Filme de Satyajit Ray é um retrato social de época
Um filme à frente de seu tempo. Esta é uma excelente definição para “A Canção da Estrada”, clássico indiano de Satyajit Ray, que, em 1955, já abordava um tema que, hoje, se revela cada vez mais evidente, tanto na Índia quanto no restante do mundo: as mazelas sociais derivadas da miséria. Influenciado pelo Neorrealismo Italiano, Ray expõe a vida de uma família em um vilarejo rural empobrecido. Com a casa em ruínas e lutando para garantir a alimentação diária, seus personagens são de uma parcela da população que é esquecida pelos que moram nas grandes cidades.
“A Canção da Estrada” é o primeiro capítulo de uma trilogia que segue essa família, mas que, nos filmes subsequentes, concentrará sua atenção no filho mais novo, Apu (Subir Banerjee). Neste filme, o garoto surge como mera testemunha dos dramas que se desenrolam em sua casa, envolvendo seu pai, sua mãe, sua irmã mais velha e sua avó.
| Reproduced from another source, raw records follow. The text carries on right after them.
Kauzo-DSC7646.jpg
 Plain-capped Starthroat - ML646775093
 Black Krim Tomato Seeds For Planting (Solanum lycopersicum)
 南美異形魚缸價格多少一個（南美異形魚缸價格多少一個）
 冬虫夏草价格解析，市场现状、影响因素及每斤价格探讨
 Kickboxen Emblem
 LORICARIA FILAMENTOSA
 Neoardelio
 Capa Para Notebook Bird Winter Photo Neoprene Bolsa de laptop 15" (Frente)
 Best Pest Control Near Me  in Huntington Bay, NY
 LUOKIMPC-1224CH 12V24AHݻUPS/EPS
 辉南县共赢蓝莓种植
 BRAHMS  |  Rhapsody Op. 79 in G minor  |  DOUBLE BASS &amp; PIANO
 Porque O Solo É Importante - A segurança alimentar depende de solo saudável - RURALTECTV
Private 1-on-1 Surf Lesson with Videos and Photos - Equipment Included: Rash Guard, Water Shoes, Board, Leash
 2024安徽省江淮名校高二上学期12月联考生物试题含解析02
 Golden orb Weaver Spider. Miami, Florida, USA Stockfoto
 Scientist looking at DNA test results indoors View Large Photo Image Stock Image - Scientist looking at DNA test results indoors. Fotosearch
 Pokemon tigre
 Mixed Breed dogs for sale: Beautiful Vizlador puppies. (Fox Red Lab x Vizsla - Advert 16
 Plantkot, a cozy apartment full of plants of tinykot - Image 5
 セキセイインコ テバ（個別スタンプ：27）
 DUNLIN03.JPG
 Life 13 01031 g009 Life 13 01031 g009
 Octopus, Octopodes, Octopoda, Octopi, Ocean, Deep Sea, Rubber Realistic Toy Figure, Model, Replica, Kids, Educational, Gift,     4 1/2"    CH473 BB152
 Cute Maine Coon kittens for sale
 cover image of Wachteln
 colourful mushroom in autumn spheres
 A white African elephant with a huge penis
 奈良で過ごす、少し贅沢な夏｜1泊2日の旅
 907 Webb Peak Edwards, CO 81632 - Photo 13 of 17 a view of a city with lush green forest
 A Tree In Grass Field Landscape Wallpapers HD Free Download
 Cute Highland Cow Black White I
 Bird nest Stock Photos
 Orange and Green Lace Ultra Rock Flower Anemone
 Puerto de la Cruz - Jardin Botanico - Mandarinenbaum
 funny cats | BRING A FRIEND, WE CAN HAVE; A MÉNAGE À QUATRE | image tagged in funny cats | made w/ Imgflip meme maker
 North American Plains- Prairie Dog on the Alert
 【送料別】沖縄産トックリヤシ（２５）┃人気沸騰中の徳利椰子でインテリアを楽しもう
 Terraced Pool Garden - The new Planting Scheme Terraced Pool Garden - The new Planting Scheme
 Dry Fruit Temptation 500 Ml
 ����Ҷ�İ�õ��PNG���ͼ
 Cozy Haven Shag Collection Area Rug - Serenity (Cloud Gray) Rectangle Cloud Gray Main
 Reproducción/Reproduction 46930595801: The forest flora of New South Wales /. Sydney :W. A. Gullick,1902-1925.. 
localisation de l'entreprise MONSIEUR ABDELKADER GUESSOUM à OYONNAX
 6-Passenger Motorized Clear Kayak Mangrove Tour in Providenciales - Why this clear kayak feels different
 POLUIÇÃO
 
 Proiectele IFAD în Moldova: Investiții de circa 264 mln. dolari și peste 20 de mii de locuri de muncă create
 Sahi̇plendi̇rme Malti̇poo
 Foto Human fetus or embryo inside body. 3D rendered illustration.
Esta última impressiona pela fragilidade física, acentuada pela idade avançada e pelas condições de vida deploráveis. A senhora, em grande parte, mendiga por comida e abrigo, enquanto brinca com os netos e se vê envolvida em conflitos com a matriarca da casa. O pai, por sua vez, mal aparece, pois precisa trabalhar fora para garantir o sustento da casa. Já a irmã recorre a pequenos furtos, seja de frutas ou objetos de suas amigas.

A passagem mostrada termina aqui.